O Fundo estima que no mundo as mulheres façam duas horas de trabalho não remunerado todos os dias mais do que os homens. E, embora essa diferença seja menor nos países mais ricos, que podem se permitir o que o artigo chama de “motores de libertação”, esta continua existindo também onde as mulheres desfrutam de maior independência. “Mesmo nos países mais igualitários do mundo, as mulheres fazem pelo menos 20% mais de trabalho não remunerado”, afirmam os economistas que assinam o texto.
Além de outras considerações, o artigo critica essa carga de trabalho desproporcional por gerar uma menor participação da mulher no mercado de trabalho e uma diminuição geral da produtividade. E estima que, se fossem implementadas políticas para reduzir essas diferenças, o PIB global aumentaria ao menos 4%, de acordo com um cálculo que os próprios autores consideram conservador.
O artigo admite que grande parte desse trabalho é feita por escolha pessoal.
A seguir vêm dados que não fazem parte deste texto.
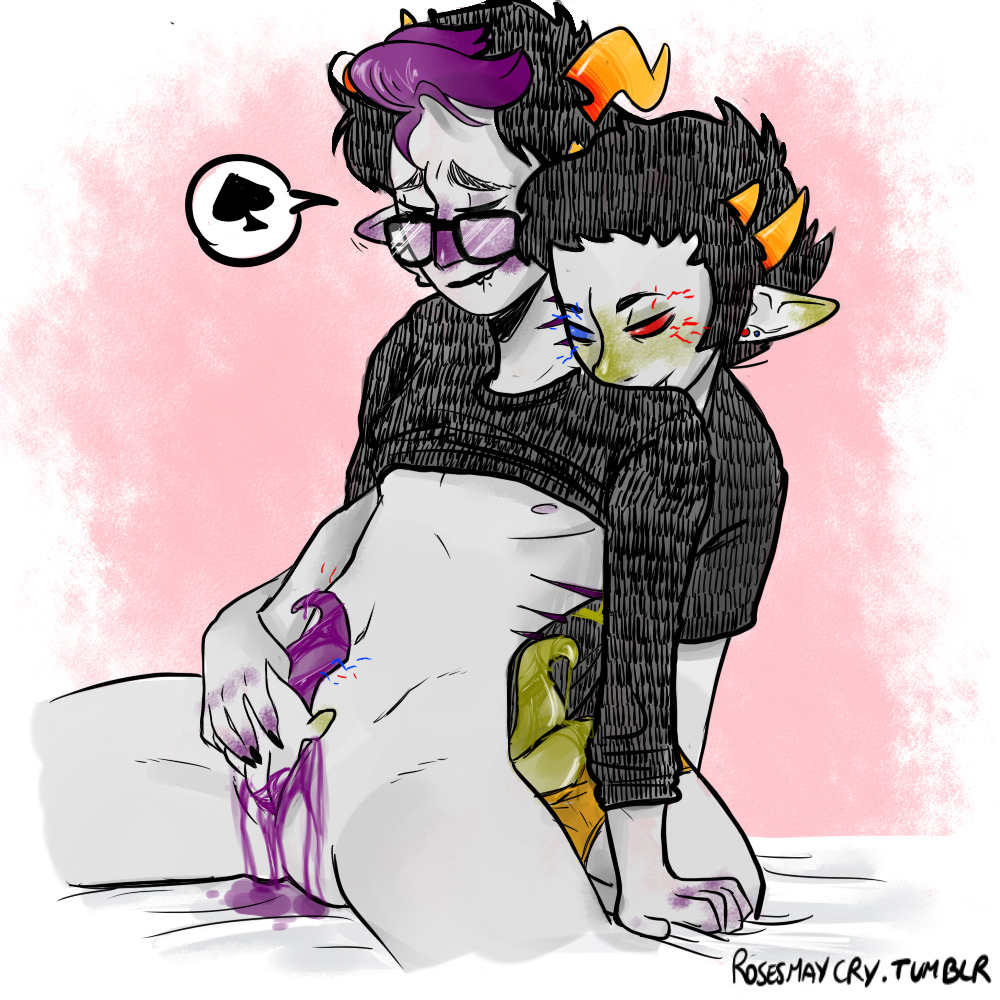 Eridan Ampora (Homestuck) Rule 34 Image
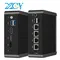 XCY Mini PC sans ventilateur intel N100 J4125 J1900 N2830 N5105 4x 2.5G Ethernet mince client PC prise en charge Windows Linux Pfsense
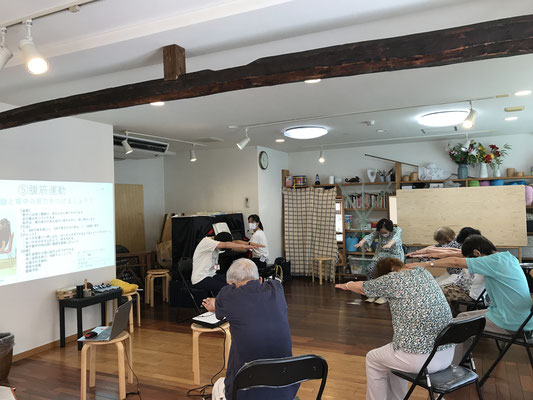 どれみLABO 音楽健康サロン 介護予防 健康促進 音楽療法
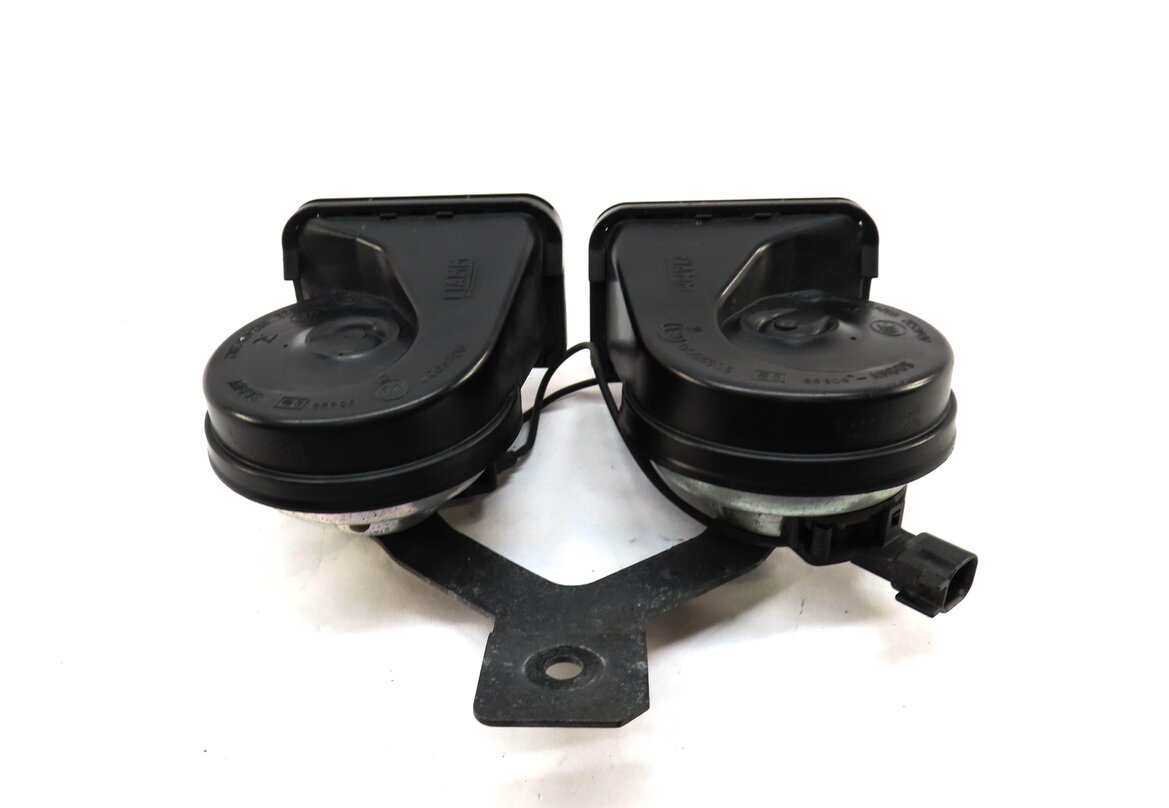 Thumbnail 3: 13-17 DISCOVERY SPORT RANGE ROVER EVOQUE (L538 L550) HIGH & LOW TONE HORN SET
Mas também lembram que “com muita frequência” as mulheres são forçadas a fazê-lo. “O tempo que dedicam a essas tarefas reflete as restrições impostas pelas normas culturais e a falta de serviços públicos, infraestrutura e políticas de licenças familiares”, continua.
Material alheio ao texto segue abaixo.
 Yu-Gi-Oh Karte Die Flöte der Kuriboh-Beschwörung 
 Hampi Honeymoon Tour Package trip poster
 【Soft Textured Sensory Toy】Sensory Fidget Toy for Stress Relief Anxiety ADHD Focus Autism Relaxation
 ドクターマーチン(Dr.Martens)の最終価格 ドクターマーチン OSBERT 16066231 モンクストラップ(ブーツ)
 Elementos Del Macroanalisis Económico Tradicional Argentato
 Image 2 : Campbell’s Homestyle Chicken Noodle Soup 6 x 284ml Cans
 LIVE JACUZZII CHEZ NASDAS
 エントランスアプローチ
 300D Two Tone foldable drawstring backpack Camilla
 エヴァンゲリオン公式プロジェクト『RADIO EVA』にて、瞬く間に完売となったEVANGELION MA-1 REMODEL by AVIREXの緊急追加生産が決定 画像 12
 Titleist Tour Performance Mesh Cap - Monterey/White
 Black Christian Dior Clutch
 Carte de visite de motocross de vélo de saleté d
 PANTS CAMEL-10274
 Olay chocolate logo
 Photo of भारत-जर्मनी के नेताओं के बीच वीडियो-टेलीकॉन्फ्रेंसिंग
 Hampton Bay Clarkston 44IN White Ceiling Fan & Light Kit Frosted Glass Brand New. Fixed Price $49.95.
Já faz anos que o FMI quer mostrar um rosto mais amigável e concentrar sua atenção em questões como inclusão financeira no terceiro mundo ou igualdade de gênero. Esta é a primeira vez que o organismo tem mulheres como diretora-gerente –Kristalina Georgieva, que sucedeu Christine Lagarde– e como economista-chefe –Gita Gopinath. “Apertem o cinto! [A igualdade de gênero] vai chegar”, disse Georgieva na terça-feira em um evento no qual falou sobre o papel das mulheres no organismo, em que apenas 25% dos postos mais altos são ocupados por mulheres. E insistiu que os estudos mostram que a igualdade promove o crescimento econômico.
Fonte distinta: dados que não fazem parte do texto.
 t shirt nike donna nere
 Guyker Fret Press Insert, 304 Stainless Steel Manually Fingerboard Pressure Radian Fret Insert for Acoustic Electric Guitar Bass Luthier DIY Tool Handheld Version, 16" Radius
O artigo não se limita a apontar um problema. Também sugere um caminho para aliviá-lo. Propõe aos Governos dos países em desenvolvimento investirem em infraestrutura, segurança e serviços como água ou eletricidade, para descarregar as mulheres de trabalho. E sugere a todos os países do mundo melhorar a conectividade digital. É outra maneira de promover uma maior participação da mulher no mercado de trabalho formal. Aquele que é computado nas estatísticas.